La réédition de Galafieu par les éditions Ressouvenances, spécialisées dans la réimpression de fac-similés d’époque, vient illustrer de manière idéale les propos tenus ci-dessus. Qui se souvient en effet, aujourd’hui, de Henry Fèvre (1864-1937), rejeton méconnu du naturalisme et de l’anarchisme, fils spirituel de Lucien Descaves et de Georges Darien ? Qui se souvient de ses livres ? Quasiment personne. Pourquoi lui redonner la parole, alors ? Pourquoi ? Mais parce que comme l’explique très bien Caroline Granier[1] dans sa préface le personnage de Galafieu représente encore aujourd’hui « l’archétype du révolté », archétype que l’on peut sans difficulté transposer au 21ème siècle : « A notre époque, Galafieu serait probablement un déserteur du travail, objecteur de croissance, refusant tout revenu minimum d’insertion et fraudant dans les transports en commun… jusqu’à ce qu’une armée de C.R.S. vienne le débusquer et que les juges l’accusent d’un quelconque attentat à l’ordre public ».

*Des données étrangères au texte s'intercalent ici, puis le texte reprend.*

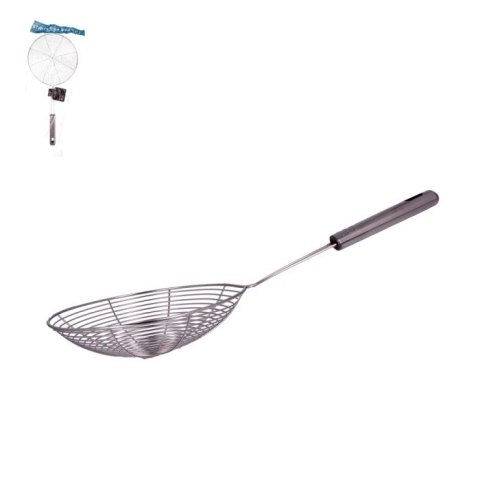 Sitko cedzak stalowy wybierak śr. 12cm | 114082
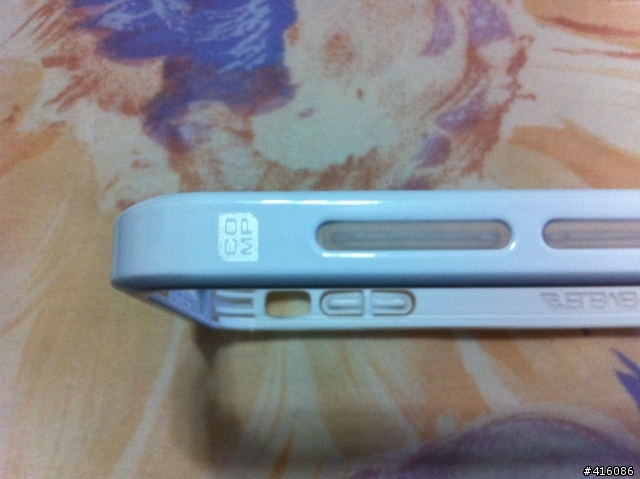 「開箱」4天就到台灣了，今天收到加購的Vapor COMP Epiphany 白色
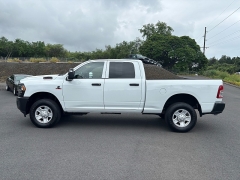 Used 2024 Ram 3500 4WD Tradesman Crew Cab 6'4" Box at IK Auto Group near Hilo, HI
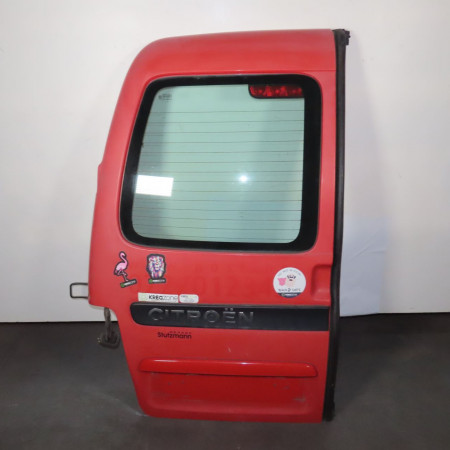 Porte battante arrière gauche occasion  Citroën BERLINGO / BERLINGO FIRST Camionnette/Monospace (M_) 1.6 hdi 75 (mb9hw) (2005-2011) 3 portes   9839338080 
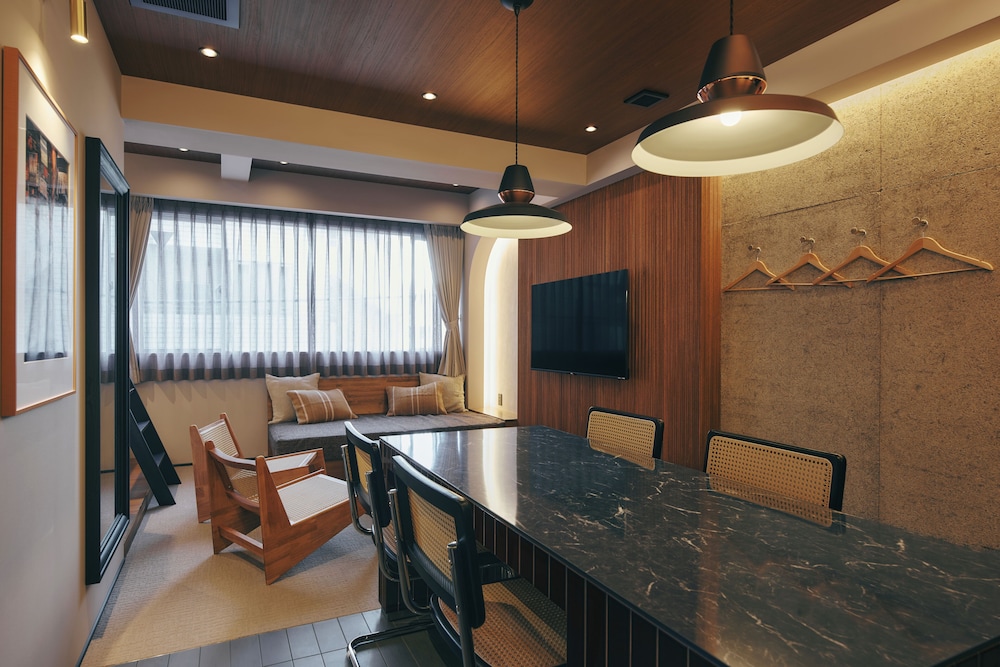 スタンダード ルーム 禁煙 客室2 | illi Mani Shibuya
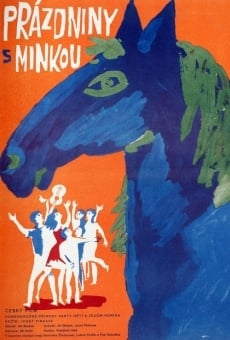 Prázdniny s Minkou online free
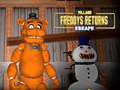 Игри Freddys Return Village Escape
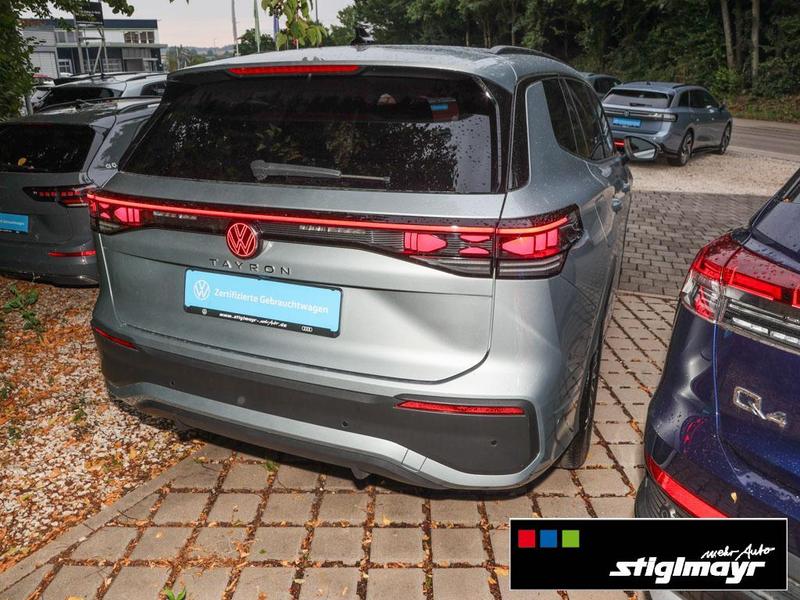 VW Tayron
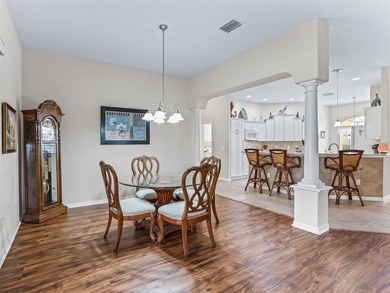 Welcome to this beautifully maintained Gardenia model located on on Glenview Championship Golf and Country Club in Florida - for sale on GolfHomes.com, golf home, golf lot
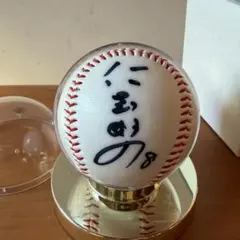 サインボール 記念グッズ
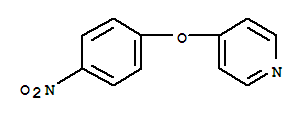 4-(对硝基苯氧基)-吡啶
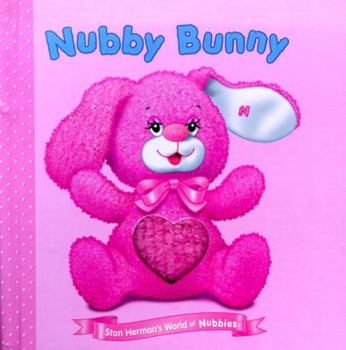 Board book Nubby Bunny Book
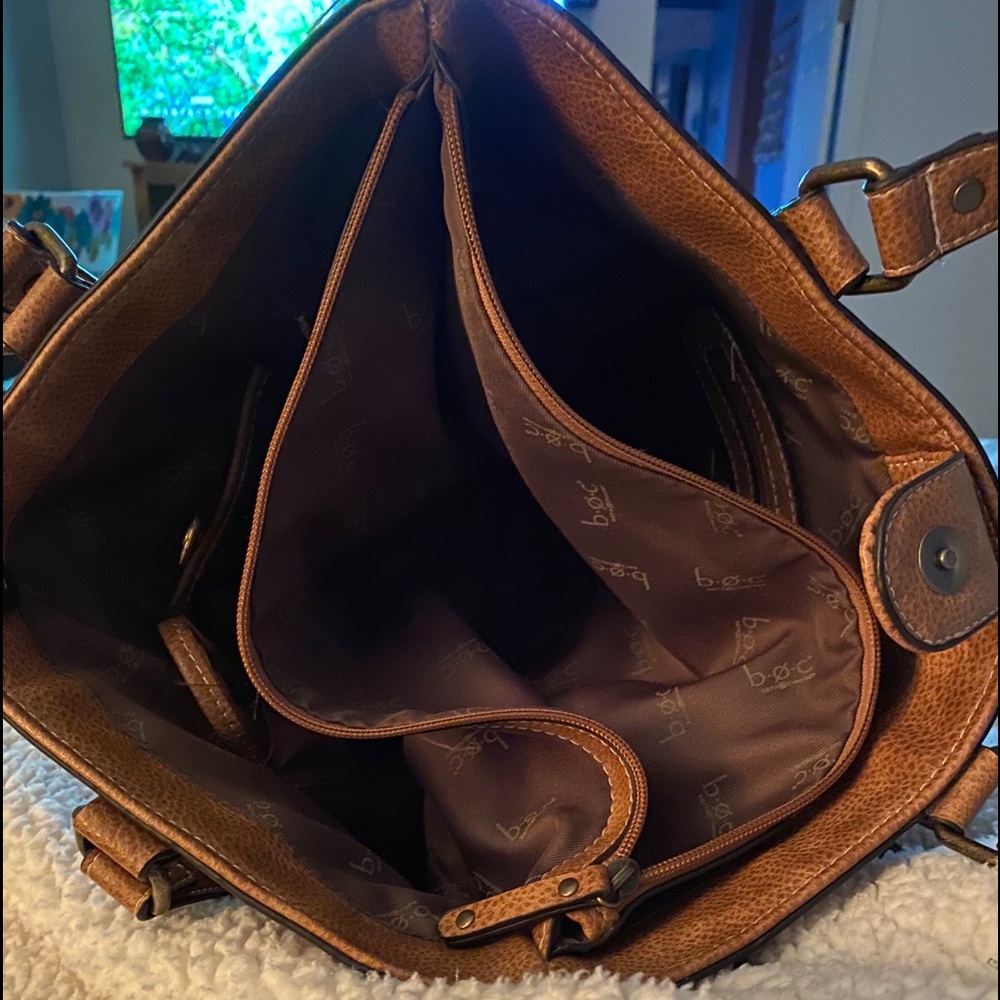 A BOCA Purse - Picture 3 of 3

Qui est Galafieu, le héros du roman ? Un jeune homme normal, qui, une fois la porte du lycée claquée et sa période de volontariat terminée se retrouve avec son destin en main. L’avenir qui semblait devoir lui être favorable s’assombrit soudain : le petit capital sur les rentes duquel il comptait bien se reposer a été englouti dans la faillite de son frère. Le voilà obligé de trouver dans le monde une place qui lui permette de survivre.
Cette place, Adrien Galafieu ne la trouvera pas. Il n’est pas plus bête qu’un autre pourtant, pas particulièrement méchant ni malhonnête, mais l’adaptation avec la société ne se fait pas. Très vite, il comprend que « pour être heureux, il faut trop d’effort ou trop d’adresse » car « on n’est pas heureux comme ça, naturellement ». Il devine avec beaucoup de lucidité le complexe fonctionnement des rouages de la réalité sociale, mais il est incapable « de se mettre au ton des autres, cynique avec les cyniques, voleur chez les voleurs, guetter les affaires et faire sa pelote sans scrupule, bandit s’il le fallait, sauvage si on voulait, cannibale au besoin… Et n’est-ce pas toujours ça en somme, sous une forme ou sous une autre, rixe de brutes ou partie d’échecs de malins, au coin d’un bois ou d’une Bourse, l’homicide, l’imbécile lutte des hommes pour vivre ? »
Cette lutte pour la vie, Galafieu ne parvient pas à la mener à bien. De déconvenue en déconvenue, d’échec en échec il dégringole inexorablement toutes les marches de l’échelle sociale. Privé de tout, sans espoirs, vêtu de guenilles, il finit par craquer et, dans un accès de rage destructrice, à planter son couteau dans la gorge d’un passant en hurlant : « Vive l’anarchie ! »
Certains critiques n’ont vu, dans les déboires de Galafieu, que les aléas de la vie d’un « raté ». C’est une grave erreur : Galafieu n’est pas un raté, bien au contraire : c’est un héros tragique, une pauvre victime d’un système qui, sous couvert de légalisme de morale et de raison, sait parfaitement se débarrasser de ceux qui rechignent quelque peu à rentrer dans les rangs. Il n’y a guère d’alternative : soit on joue le jeu, soit on quitte le jeu. Galafieu n’a pas pu (ou su ou voulu, peu importe en fait) jouer le jeu : il doit disparaître. Quasi lynché par la foule en colère, à la fin du livre, le lecteur ne se fait aucune illusion : s’il se remet des coups reçus il finira guillotiné ou emprisonné à perpétuité. Le monde n’entendra plus parler de lui comme l’écrit très bien Henry Fèvre dans les ultimes et inaltérables lignes du roman : « L’homme sombré, la chose s’efface. A peine un léger remous sur la surface sociale. C’est comme si rien ne s’était passé. »
Stéphane Beau
Site du Magazine des livres, mars 2010


[1] Qui a également publié chez le même éditeur, en 2008, Les Briseurs de formules – Les écrivains anarchistes en France à la fin du 19ème siècle.